One of the first studies to investigate the effects of a new anticancer drug, PHA-739358, in patients with solid tumors has shown that it is capable of halting progression of the disease.

The drug, known as a aurora kinase inhibitor, works by blocking aurora proteins, which play a key role in cell division and are implicated in the onset and progression of cancer. Aurora proteins are over-expressed in cancer and this causes unequal distribution of the genetic material, creating abnormal cells, the hallmark of cancer.

“So far we have tested the drug in 36 patients in a phase I clinical trial. All the patients had advanced solid cancers that were progressing at the time they entered the trial. However, in seven of these patients the disease stabilized and has remained stable in four of the patients for seven months or more,” said Dr Maja de Jonge, a medical oncologist at the Erasmus University Medical Centre, Rotterdam, the Netherlands.

However, it is only recently that scientists have started to investigate the proteins as targets for anticancer therapies, and this is one of the first studies to investigate an aurora kinase inhibitor in patients.
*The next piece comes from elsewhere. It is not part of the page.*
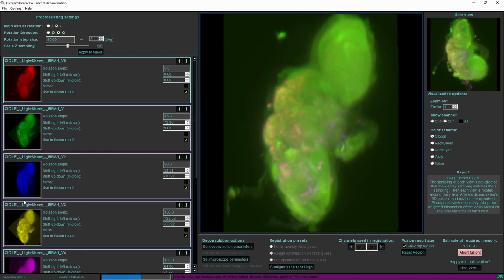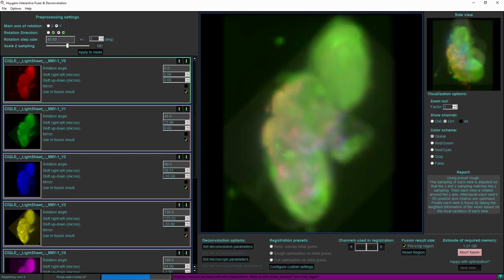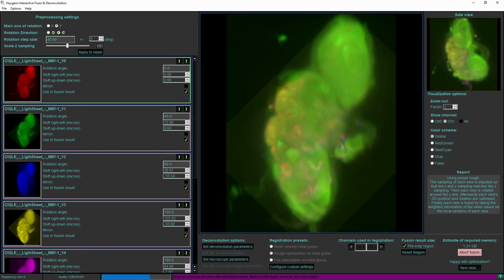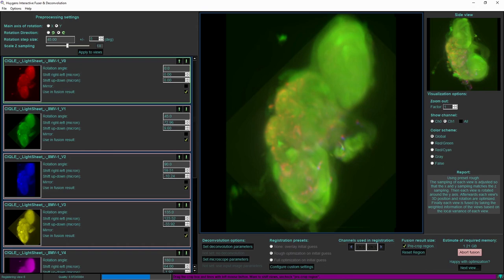Now the fusion itself tries to combine the best parts of each of the input images. For each location in the result Huygens will try to determine which of the input views contains the best information for that region. Usually of course that would be the side where the light sheet is coming from and the side where the detection objective lens is located.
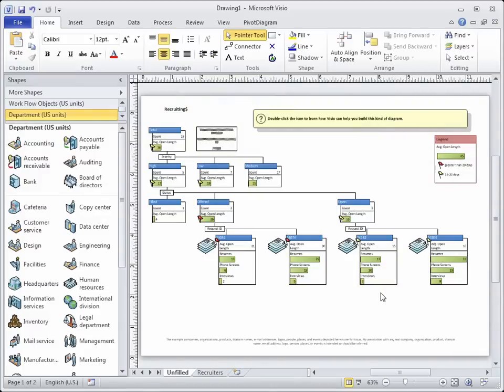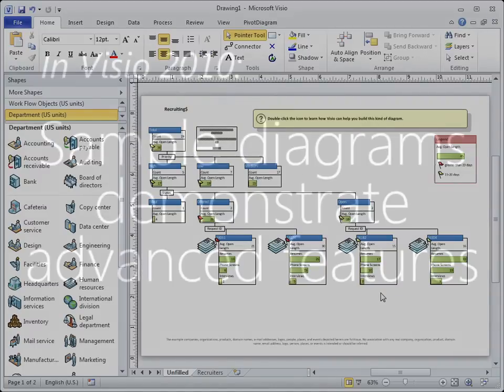An example of using data graphics — this will get me started.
In the study seven different dose levels of the drug were tested.

“Once the dose levels reached 190 mg/m2, tests on skin biopsies showed that the drug was inhibiting the aurora B protein, in other words it was beginning to do what we expected it to,” said Dr Maja de Jonge.

The researchers are continuing to recruit patients in order to define the safety of the drug and the recommended dose for subsequent studies.